:: Material provided ::
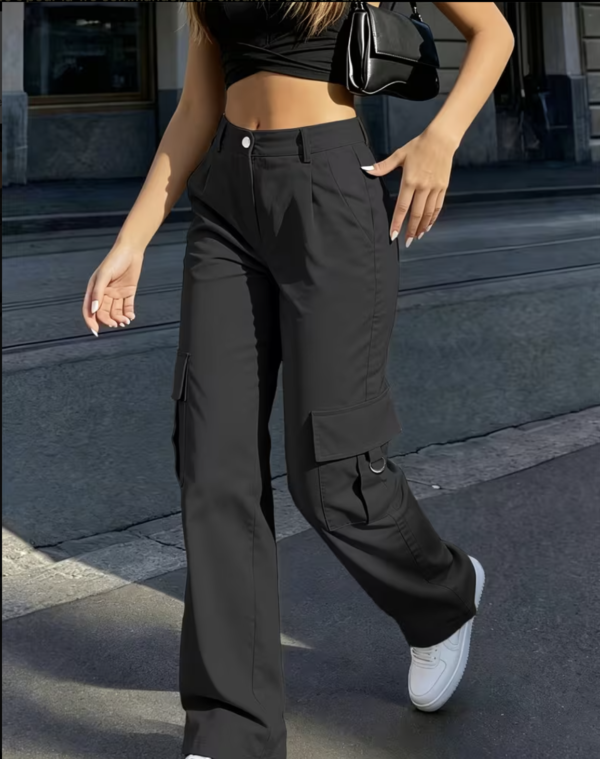 Pantalon Cargo Monolithe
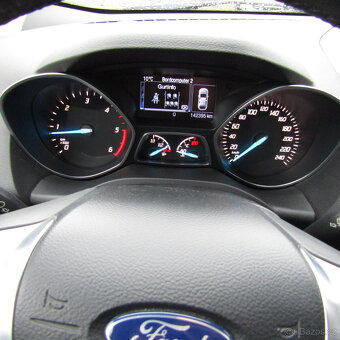 Ford Kuga 2,0TDCi 110kw, TITANIUM, 4X4, 2016, 142tkm - 12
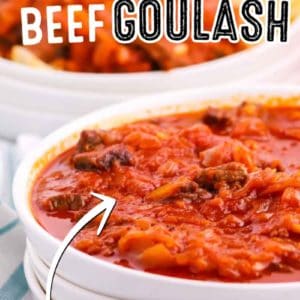 Simple Hungarian Goulash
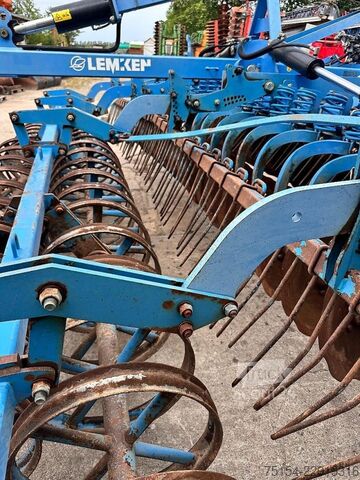 Lautasäes Lemken Rubin 9/600 KA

:: Directions for this task ::
Please return the whole listing exactly. Do not copy its images.

:: Response area ::
 Pantalon Cargo Monolithe
 Ford Kuga 2,0TDCi 110kw, TITANIUM, 4X4, 2016, 142tkm - 12
 Simple Hungarian Goulash
 Lautasäes Lemken Rubin 9/600 KA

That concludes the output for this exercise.